▸ **SOURCE MATERIAL**

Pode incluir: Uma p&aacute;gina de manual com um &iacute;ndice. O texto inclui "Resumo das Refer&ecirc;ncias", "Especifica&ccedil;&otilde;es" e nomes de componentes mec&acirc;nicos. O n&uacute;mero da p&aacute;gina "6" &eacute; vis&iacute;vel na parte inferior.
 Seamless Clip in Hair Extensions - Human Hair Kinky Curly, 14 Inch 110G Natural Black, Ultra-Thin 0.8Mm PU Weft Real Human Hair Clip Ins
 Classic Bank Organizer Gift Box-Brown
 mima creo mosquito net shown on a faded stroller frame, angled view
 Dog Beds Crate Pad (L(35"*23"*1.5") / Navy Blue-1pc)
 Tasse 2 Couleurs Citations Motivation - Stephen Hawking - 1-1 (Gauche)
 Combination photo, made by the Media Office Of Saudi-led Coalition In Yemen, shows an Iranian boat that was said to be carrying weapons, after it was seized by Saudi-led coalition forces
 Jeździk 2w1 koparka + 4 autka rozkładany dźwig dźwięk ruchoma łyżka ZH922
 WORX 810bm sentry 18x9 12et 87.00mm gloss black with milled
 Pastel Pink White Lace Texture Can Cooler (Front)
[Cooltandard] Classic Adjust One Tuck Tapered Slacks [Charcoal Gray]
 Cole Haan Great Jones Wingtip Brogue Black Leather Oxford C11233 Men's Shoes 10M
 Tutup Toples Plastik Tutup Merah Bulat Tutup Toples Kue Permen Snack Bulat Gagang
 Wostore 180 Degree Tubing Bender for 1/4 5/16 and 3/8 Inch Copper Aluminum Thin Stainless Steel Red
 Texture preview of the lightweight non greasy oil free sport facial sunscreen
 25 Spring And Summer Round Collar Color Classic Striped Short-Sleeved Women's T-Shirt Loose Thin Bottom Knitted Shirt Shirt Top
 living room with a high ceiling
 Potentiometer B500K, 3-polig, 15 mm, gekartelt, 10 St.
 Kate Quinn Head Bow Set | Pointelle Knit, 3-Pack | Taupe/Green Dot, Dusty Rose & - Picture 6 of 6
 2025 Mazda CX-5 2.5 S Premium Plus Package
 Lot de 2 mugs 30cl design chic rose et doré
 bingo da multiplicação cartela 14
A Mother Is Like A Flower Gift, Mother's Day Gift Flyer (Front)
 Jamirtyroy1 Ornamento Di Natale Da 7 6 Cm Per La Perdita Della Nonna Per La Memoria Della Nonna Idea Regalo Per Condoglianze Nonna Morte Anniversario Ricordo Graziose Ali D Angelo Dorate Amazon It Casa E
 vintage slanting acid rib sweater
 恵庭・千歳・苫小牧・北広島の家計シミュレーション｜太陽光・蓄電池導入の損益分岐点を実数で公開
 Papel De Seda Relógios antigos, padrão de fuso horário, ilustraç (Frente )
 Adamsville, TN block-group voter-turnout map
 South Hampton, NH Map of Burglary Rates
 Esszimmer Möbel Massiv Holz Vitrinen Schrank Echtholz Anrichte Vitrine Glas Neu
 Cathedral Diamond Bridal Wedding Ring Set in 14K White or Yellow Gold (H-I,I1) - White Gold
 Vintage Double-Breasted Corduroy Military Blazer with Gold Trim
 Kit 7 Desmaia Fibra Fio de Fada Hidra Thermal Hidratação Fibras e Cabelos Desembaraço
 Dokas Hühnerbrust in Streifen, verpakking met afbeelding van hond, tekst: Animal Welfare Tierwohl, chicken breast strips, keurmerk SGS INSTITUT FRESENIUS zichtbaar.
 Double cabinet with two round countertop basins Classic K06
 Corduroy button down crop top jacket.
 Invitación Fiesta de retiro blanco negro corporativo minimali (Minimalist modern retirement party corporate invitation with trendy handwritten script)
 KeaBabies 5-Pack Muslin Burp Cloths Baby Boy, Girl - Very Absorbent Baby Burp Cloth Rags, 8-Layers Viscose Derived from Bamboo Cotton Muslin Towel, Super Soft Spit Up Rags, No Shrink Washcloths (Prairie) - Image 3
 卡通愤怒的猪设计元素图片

▸ **ABOUT THIS TASK**
Starting at the line with "Papel De Seda" and ending at the line with "Cathedral Diamond Bridal", print each line of the listing above exactly, with no other lines.

▸ **OUTPUT**
 Papel De Seda Relógios antigos, padrão de fuso horário, ilustraç (Frente )
 Adamsville, TN block-group voter-turnout map
 South Hampton, NH Map of Burglary Rates
 Esszimmer Möbel Massiv Holz Vitrinen Schrank Echtholz Anrichte Vitrine Glas Neu
 Cathedral Diamond Bridal Wedding Ring Set in 14K White or Yellow Gold (H-I,I1) - White Gold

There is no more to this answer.